Exercise brief | Output only the lines that run from the line holding "Chemical Structure of" to the end of the data below, including both ends, without any pictures.

■ ■ ■

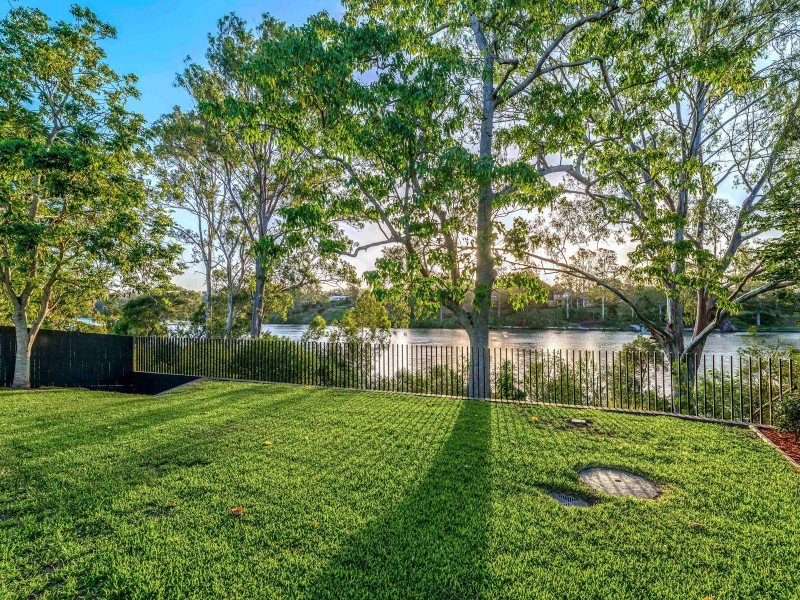 17 Arbour Street, Sherwood QLD 4075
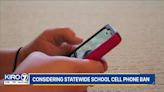 A call to restrict cell phone use in schools is gaining support amid youth mental health crisis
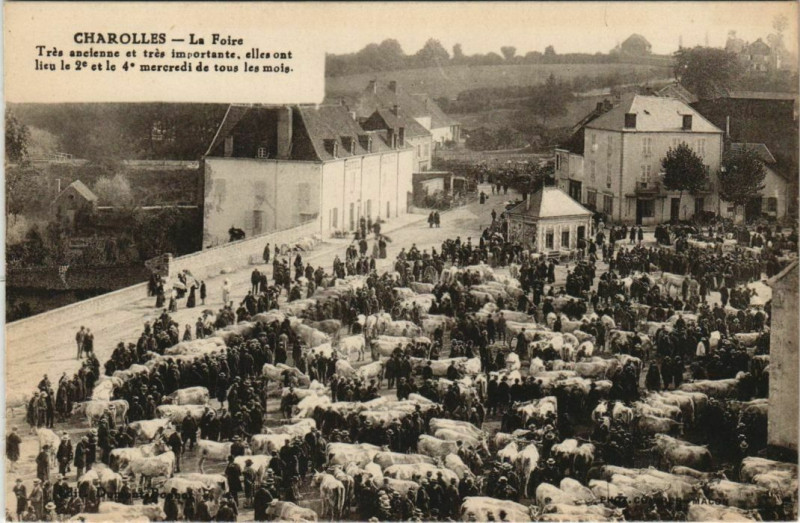 Carte postale ancienne Charolles La Foire à Charolles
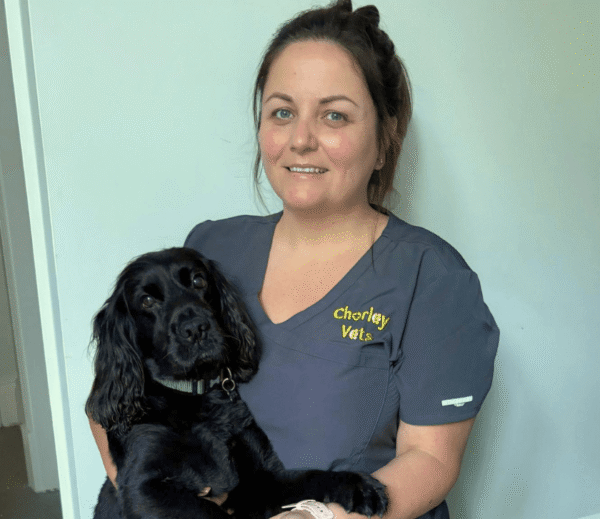Chorley Vets team member holding a black cocker spaniel while wearing navy veterinary scrubs.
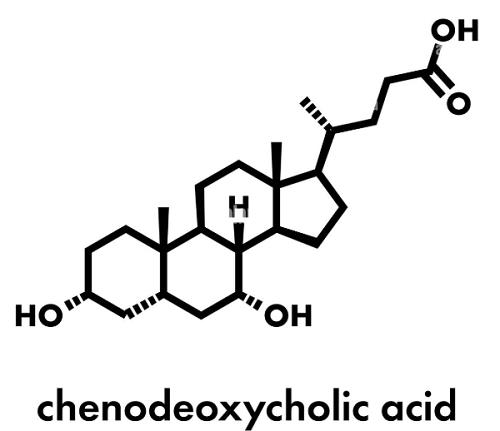 Chemical Structure of Chenodeoxycholic acid.png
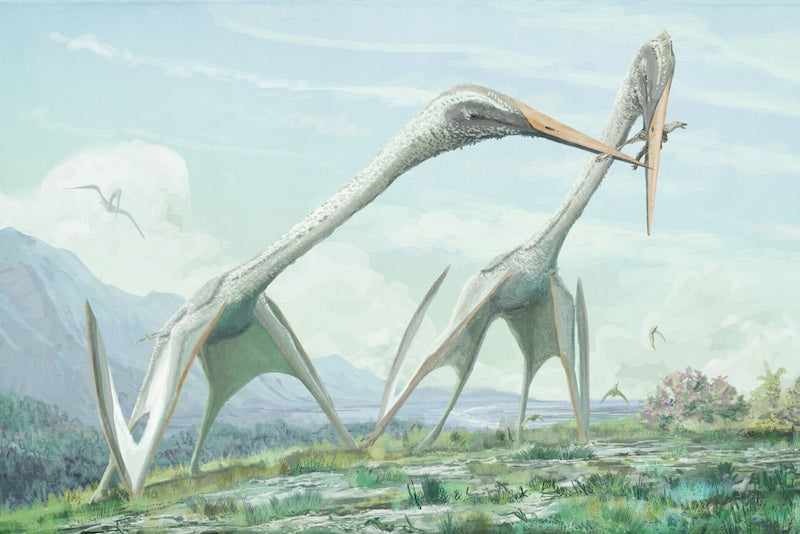 Bu Kanatlı Dev, T. rex’ten Çok Daha Büyüktü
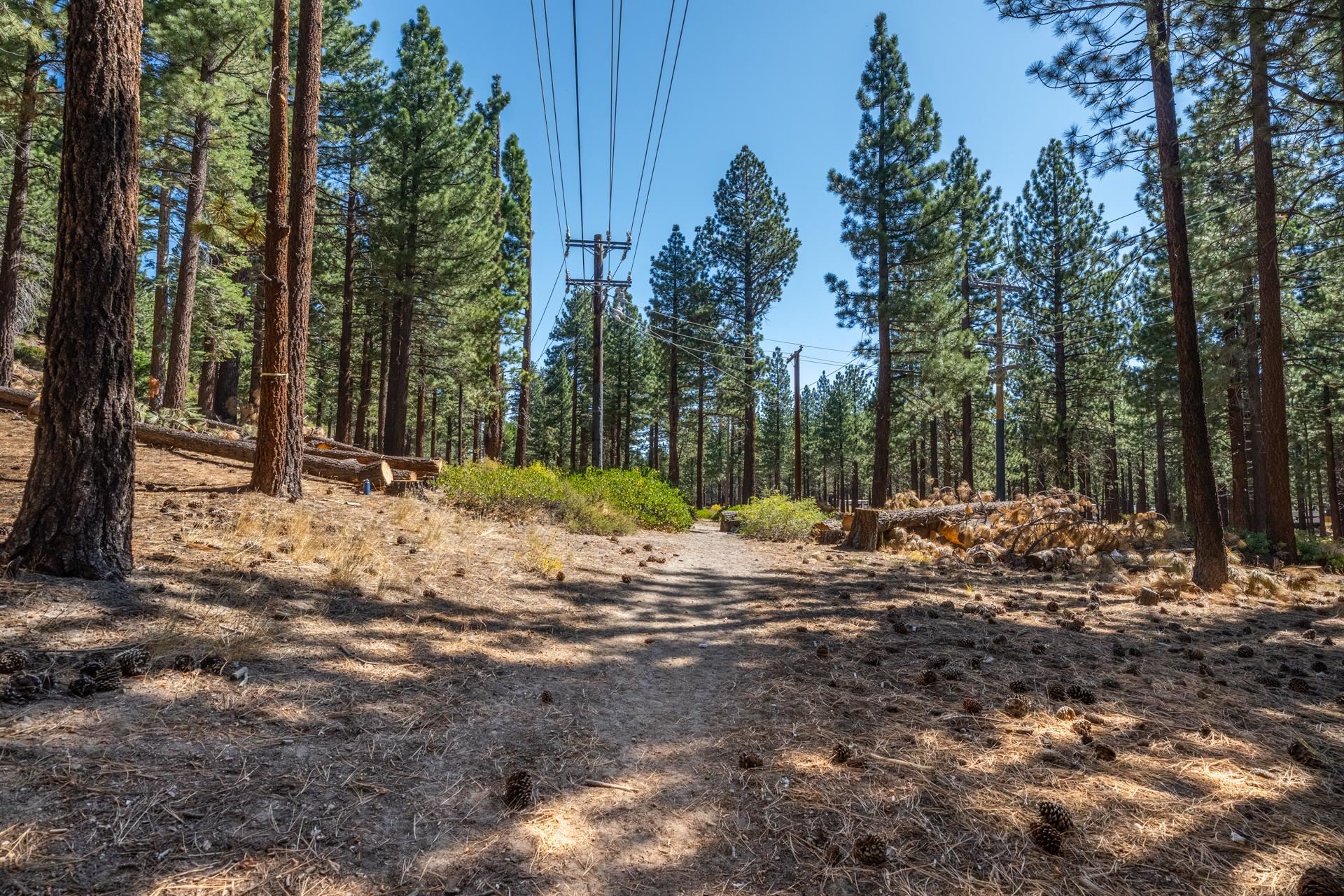 156 Forest Trail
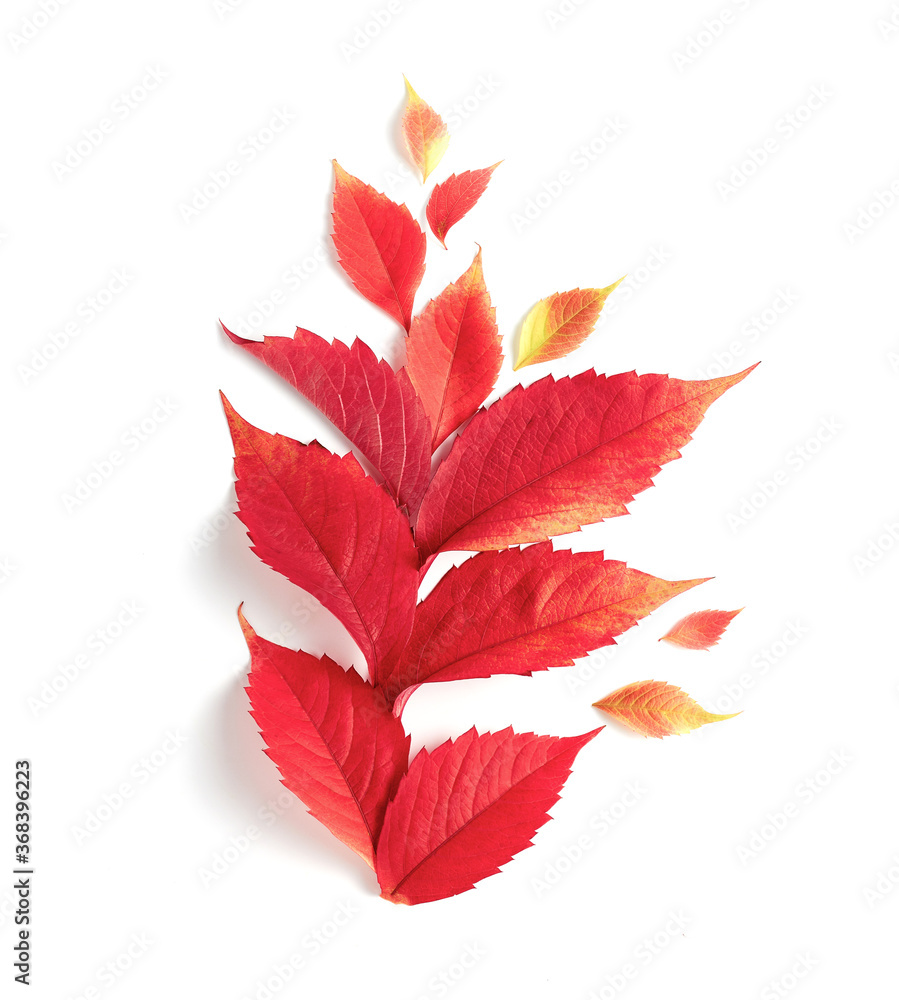 beautiful autumn leaves in red on a white background. a composition with a flat layout. text space, top view beautiful autumn leaves in red on a white background. a composition with a flat layout. text space, top view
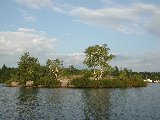 Paysages - Aquatique - 307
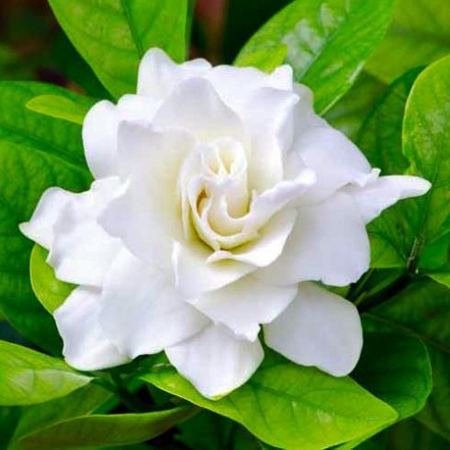 Gardenia Flower Absolute Oil 3%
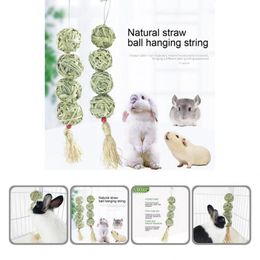 animals supplies Canada - Small Animal Supplies Natural Eco-friendly Grass Snack Toy Playing Hamster Nutritious For Guinea Pig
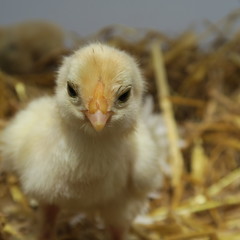 cute chicks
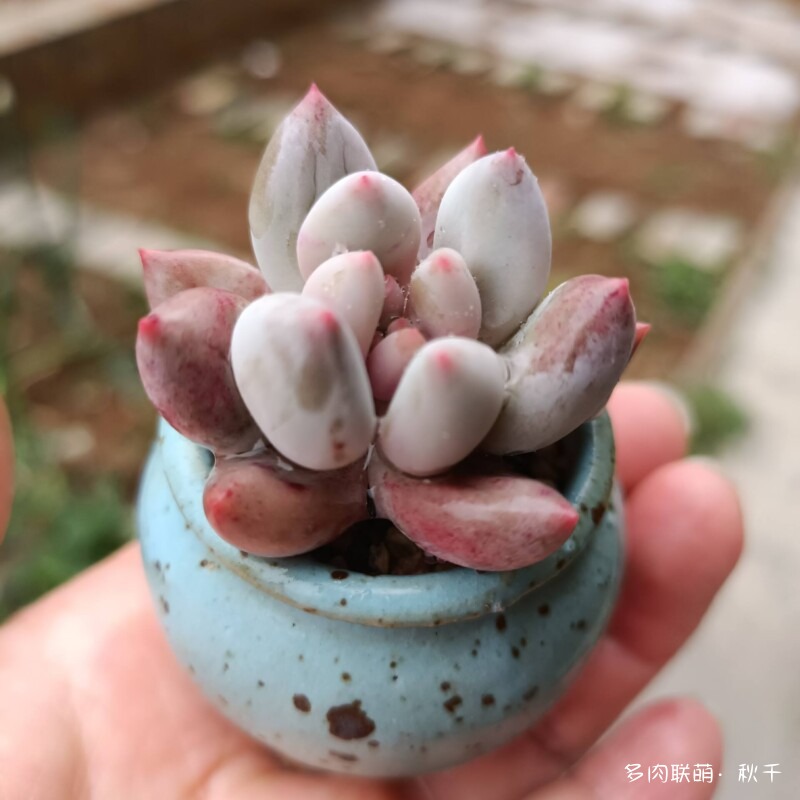多肉有盼头，越长越美丽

■ ■ ■

Task answer |
 Chemical Structure of Chenodeoxycholic acid.png
 Bu Kanatlı Dev, T. rex’ten Çok Daha Büyüktü
 156 Forest Trail
 beautiful autumn leaves in red on a white background. a composition with a flat layout. text space, top view beautiful autumn leaves in red on a white background. a composition with a flat layout. text space, top view
 Paysages - Aquatique - 307
 Gardenia Flower Absolute Oil 3%
 animals supplies Canada - Small Animal Supplies Natural Eco-friendly Grass Snack Toy Playing Hamster Nutritious For Guinea Pig
 cute chicks
多肉有盼头，越长越美丽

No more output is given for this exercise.